### Instructions to follow
Every entry is to be returned exactly as it stands; the pictures are to be dropped.

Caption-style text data
========
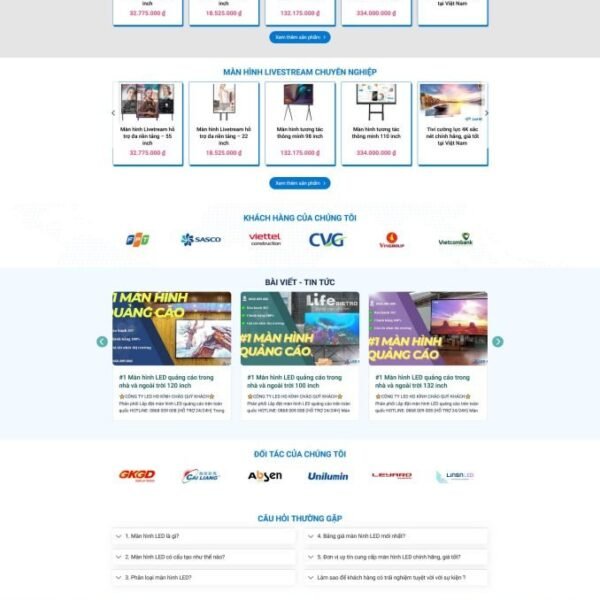 Theme WordPress Bán Màn Hình LED ,thiết bị điện tử
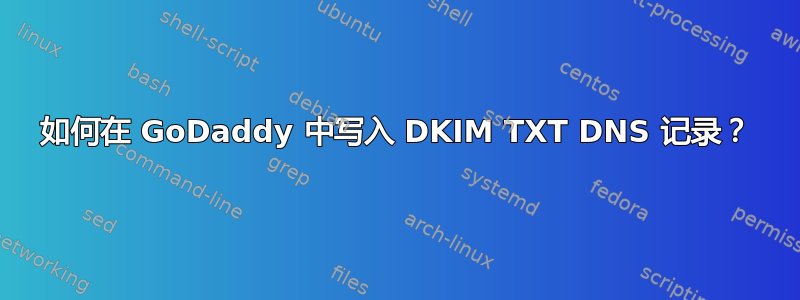 如何在 GoDaddy 中写入 DKIM TXT DNS 记录？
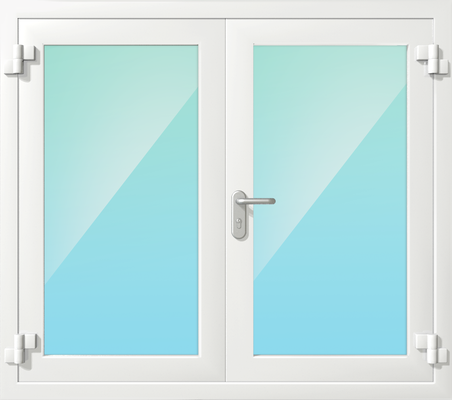 Двустворчатое алюминиевое прямоугольное окно с ручкой EIW-60 Двустворчатое алюминиевое прямоугольное окно с ручкой EIW-60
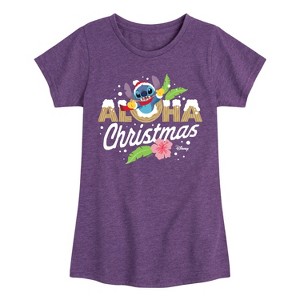 Girls' - Lilo and Stitch - Aloha Christmas Fitted Short Sleeve Graphic T-Shirt - 1 of 4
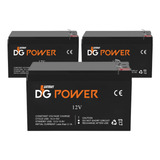 3 Baterias Selada Dg Power 12v 7a Alarme Cerca Nobreak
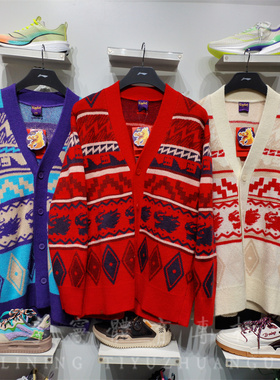 李宁2024春季新品男女同款开衫无帽编织衫宽松型毛衣外套 AMBU021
========
### Expected answer
 Theme WordPress Bán Màn Hình LED ,thiết bị điện tử
 如何在 GoDaddy 中写入 DKIM TXT DNS 记录？
 Двустворчатое алюминиевое прямоугольное окно с ручкой EIW-60 Двустворчатое алюминиевое прямоугольное окно с ручкой EIW-60
 Girls' - Lilo and Stitch - Aloha Christmas Fitted Short Sleeve Graphic T-Shirt - 1 of 4
 3 Baterias Selada Dg Power 12v 7a Alarme Cerca Nobreak
 李宁2024春季新品男女同款开衫无帽编织衫宽松型毛衣外套 AMBU021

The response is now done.